▸ **TASK GOAL**: If a line below falls between the line with "Enter the data" and the line with "The amplitude is half", or is one of those two, output it exactly; output nothing else and no pictures.

** Opening EXTRACTED INFORMATION block **

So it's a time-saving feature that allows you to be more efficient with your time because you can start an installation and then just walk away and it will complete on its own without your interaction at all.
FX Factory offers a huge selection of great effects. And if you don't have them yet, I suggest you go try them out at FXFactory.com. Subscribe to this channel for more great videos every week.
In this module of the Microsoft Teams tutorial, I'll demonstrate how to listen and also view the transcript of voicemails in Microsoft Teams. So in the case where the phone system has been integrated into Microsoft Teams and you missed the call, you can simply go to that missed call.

** Closing EXTRACTED INFORMATION block **
** Opening EXTRACTED INFORMATION block **

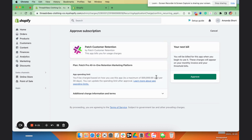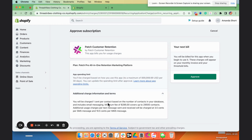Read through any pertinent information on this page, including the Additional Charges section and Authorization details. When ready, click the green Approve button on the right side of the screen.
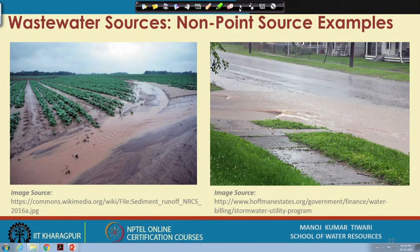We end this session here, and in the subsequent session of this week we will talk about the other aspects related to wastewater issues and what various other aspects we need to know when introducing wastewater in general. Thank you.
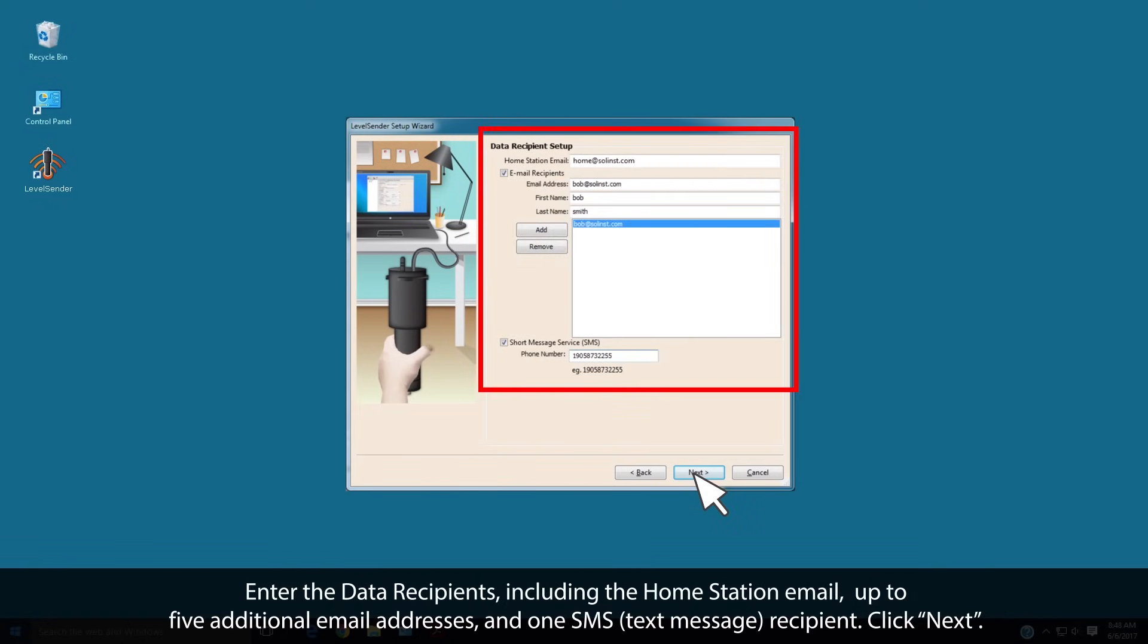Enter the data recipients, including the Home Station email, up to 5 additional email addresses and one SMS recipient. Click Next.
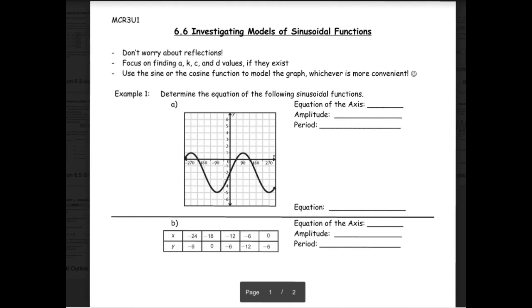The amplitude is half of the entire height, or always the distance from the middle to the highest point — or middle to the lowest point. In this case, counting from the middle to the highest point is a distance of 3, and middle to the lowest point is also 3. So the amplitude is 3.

** Closing EXTRACTED INFORMATION block **

▸ **EXERCISE SOLUTION**:
Enter the data recipients, including the Home Station email, up to 5 additional email addresses and one SMS recipient. Click Next.
The amplitude is half of the entire height, or always the distance from the middle to the highest point — or middle to the lowest point. In this case, counting from the middle to the highest point is a distance of 3, and middle to the lowest point is also 3. So the amplitude is 3.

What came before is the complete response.